> [INSTRUCTIONS TO FOLLOW]: Print the entries below in their entirety, exactly as they are written.
--- START ---
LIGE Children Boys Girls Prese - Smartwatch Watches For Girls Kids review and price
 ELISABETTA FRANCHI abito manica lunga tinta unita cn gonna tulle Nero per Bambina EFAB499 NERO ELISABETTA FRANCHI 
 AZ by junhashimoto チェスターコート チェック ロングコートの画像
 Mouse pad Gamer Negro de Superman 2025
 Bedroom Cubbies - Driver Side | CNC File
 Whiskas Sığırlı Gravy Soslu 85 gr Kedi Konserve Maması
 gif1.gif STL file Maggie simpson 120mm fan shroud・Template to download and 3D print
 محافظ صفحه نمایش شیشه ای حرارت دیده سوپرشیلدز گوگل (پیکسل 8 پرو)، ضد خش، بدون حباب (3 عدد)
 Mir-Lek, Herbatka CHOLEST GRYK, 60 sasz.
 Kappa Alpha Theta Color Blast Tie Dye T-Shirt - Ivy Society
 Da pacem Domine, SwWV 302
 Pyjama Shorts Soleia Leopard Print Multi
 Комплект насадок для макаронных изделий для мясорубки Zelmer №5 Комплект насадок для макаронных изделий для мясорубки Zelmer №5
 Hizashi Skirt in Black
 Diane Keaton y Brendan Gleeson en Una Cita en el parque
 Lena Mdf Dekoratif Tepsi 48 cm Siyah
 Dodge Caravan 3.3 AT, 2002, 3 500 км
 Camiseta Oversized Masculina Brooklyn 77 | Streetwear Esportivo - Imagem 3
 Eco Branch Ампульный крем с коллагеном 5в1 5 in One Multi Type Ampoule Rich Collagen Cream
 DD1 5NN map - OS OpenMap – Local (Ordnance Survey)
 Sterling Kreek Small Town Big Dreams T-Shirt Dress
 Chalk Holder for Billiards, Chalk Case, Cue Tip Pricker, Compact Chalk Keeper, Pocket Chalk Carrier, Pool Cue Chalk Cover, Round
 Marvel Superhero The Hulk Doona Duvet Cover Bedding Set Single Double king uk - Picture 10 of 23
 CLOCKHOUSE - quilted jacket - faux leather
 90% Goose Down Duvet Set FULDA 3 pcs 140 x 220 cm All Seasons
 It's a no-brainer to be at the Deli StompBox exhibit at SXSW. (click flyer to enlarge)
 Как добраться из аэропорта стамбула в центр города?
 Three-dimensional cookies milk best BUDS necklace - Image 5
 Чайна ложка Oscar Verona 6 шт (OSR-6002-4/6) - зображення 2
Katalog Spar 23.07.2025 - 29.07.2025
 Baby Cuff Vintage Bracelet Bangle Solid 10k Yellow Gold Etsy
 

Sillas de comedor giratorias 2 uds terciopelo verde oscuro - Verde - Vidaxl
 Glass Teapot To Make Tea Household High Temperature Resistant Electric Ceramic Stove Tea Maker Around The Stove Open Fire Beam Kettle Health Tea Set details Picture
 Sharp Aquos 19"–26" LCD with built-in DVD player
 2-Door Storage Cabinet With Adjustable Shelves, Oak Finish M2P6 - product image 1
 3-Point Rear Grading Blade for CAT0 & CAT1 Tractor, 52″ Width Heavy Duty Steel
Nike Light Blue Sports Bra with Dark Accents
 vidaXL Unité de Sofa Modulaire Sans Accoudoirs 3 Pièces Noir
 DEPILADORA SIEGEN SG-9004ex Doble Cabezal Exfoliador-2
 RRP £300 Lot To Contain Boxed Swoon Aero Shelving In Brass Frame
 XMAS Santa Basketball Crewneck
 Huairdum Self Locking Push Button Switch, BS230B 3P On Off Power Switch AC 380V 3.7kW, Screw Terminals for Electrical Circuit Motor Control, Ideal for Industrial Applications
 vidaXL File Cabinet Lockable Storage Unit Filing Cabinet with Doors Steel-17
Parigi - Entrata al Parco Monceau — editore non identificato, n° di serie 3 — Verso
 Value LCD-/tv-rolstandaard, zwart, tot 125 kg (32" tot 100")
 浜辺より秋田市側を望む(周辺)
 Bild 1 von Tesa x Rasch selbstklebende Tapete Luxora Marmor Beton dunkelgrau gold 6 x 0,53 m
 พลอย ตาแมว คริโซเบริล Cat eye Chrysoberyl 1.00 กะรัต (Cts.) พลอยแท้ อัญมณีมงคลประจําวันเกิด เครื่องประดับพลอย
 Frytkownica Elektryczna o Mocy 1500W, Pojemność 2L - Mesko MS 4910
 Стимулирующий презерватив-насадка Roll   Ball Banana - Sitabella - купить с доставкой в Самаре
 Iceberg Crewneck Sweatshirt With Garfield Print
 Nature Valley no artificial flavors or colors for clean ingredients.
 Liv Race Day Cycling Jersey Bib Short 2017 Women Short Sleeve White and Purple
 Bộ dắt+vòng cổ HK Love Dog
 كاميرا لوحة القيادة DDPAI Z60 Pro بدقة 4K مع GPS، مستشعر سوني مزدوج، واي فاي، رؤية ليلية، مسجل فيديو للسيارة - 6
--- END ---
> [ANSWER TO THIS EXERCISE]:
LIGE Children Boys Girls Prese - Smartwatch Watches For Girls Kids review and price
 ELISABETTA FRANCHI abito manica lunga tinta unita cn gonna tulle Nero per Bambina EFAB499 NERO ELISABETTA FRANCHI 
 AZ by junhashimoto チェスターコート チェック ロングコートの画像
 Mouse pad Gamer Negro de Superman 2025
 Bedroom Cubbies - Driver Side | CNC File
 Whiskas Sığırlı Gravy Soslu 85 gr Kedi Konserve Maması
 gif1.gif STL file Maggie simpson 120mm fan shroud・Template to download and 3D print
 محافظ صفحه نمایش شیشه ای حرارت دیده سوپرشیلدز گوگل (پیکسل 8 پرو)، ضد خش، بدون حباب (3 عدد)
 Mir-Lek, Herbatka CHOLEST GRYK, 60 sasz.
 Kappa Alpha Theta Color Blast Tie Dye T-Shirt - Ivy Society
 Da pacem Domine, SwWV 302
 Pyjama Shorts Soleia Leopard Print Multi
 Комплект насадок для макаронных изделий для мясорубки Zelmer №5 Комплект насадок для макаронных изделий для мясорубки Zelmer №5
 Hizashi Skirt in Black
 Diane Keaton y Brendan Gleeson en Una Cita en el parque
 Lena Mdf Dekoratif Tepsi 48 cm Siyah
 Dodge Caravan 3.3 AT, 2002, 3 500 км
 Camiseta Oversized Masculina Brooklyn 77 | Streetwear Esportivo - Imagem 3
 Eco Branch Ампульный крем с коллагеном 5в1 5 in One Multi Type Ampoule Rich Collagen Cream
 DD1 5NN map - OS OpenMap – Local (Ordnance Survey)
 Sterling Kreek Small Town Big Dreams T-Shirt Dress
 Chalk Holder for Billiards, Chalk Case, Cue Tip Pricker, Compact Chalk Keeper, Pocket Chalk Carrier, Pool Cue Chalk Cover, Round
 Marvel Superhero The Hulk Doona Duvet Cover Bedding Set Single Double king uk - Picture 10 of 23
 CLOCKHOUSE - quilted jacket - faux leather
 90% Goose Down Duvet Set FULDA 3 pcs 140 x 220 cm All Seasons
 It's a no-brainer to be at the Deli StompBox exhibit at SXSW. (click flyer to enlarge)
 Как добраться из аэропорта стамбула в центр города?
 Three-dimensional cookies milk best BUDS necklace - Image 5
 Чайна ложка Oscar Verona 6 шт (OSR-6002-4/6) - зображення 2
Katalog Spar 23.07.2025 - 29.07.2025
 Baby Cuff Vintage Bracelet Bangle Solid 10k Yellow Gold Etsy
 

Sillas de comedor giratorias 2 uds terciopelo verde oscuro - Verde - Vidaxl
 Glass Teapot To Make Tea Household High Temperature Resistant Electric Ceramic Stove Tea Maker Around The Stove Open Fire Beam Kettle Health Tea Set details Picture
 Sharp Aquos 19"–26" LCD with built-in DVD player
 2-Door Storage Cabinet With Adjustable Shelves, Oak Finish M2P6 - product image 1
 3-Point Rear Grading Blade for CAT0 & CAT1 Tractor, 52″ Width Heavy Duty Steel
Nike Light Blue Sports Bra with Dark Accents
 vidaXL Unité de Sofa Modulaire Sans Accoudoirs 3 Pièces Noir
 DEPILADORA SIEGEN SG-9004ex Doble Cabezal Exfoliador-2
 RRP £300 Lot To Contain Boxed Swoon Aero Shelving In Brass Frame
 XMAS Santa Basketball Crewneck
 Huairdum Self Locking Push Button Switch, BS230B 3P On Off Power Switch AC 380V 3.7kW, Screw Terminals for Electrical Circuit Motor Control, Ideal for Industrial Applications
 vidaXL File Cabinet Lockable Storage Unit Filing Cabinet with Doors Steel-17
Parigi - Entrata al Parco Monceau — editore non identificato, n° di serie 3 — Verso
 Value LCD-/tv-rolstandaard, zwart, tot 125 kg (32" tot 100")
 浜辺より秋田市側を望む(周辺)
 Bild 1 von Tesa x Rasch selbstklebende Tapete Luxora Marmor Beton dunkelgrau gold 6 x 0,53 m
 พลอย ตาแมว คริโซเบริล Cat eye Chrysoberyl 1.00 กะรัต (Cts.) พลอยแท้ อัญมณีมงคลประจําวันเกิด เครื่องประดับพลอย
 Frytkownica Elektryczna o Mocy 1500W, Pojemność 2L - Mesko MS 4910
 Стимулирующий презерватив-насадка Roll   Ball Banana - Sitabella - купить с доставкой в Самаре
 Iceberg Crewneck Sweatshirt With Garfield Print
 Nature Valley no artificial flavors or colors for clean ingredients.
 Liv Race Day Cycling Jersey Bib Short 2017 Women Short Sleeve White and Purple
 Bộ dắt+vòng cổ HK Love Dog
 كاميرا لوحة القيادة DDPAI Z60 Pro بدقة 4K مع GPS، مستشعر سوني مزدوج، واي فاي، رؤية ليلية، مسجل فيديو للسيارة - 6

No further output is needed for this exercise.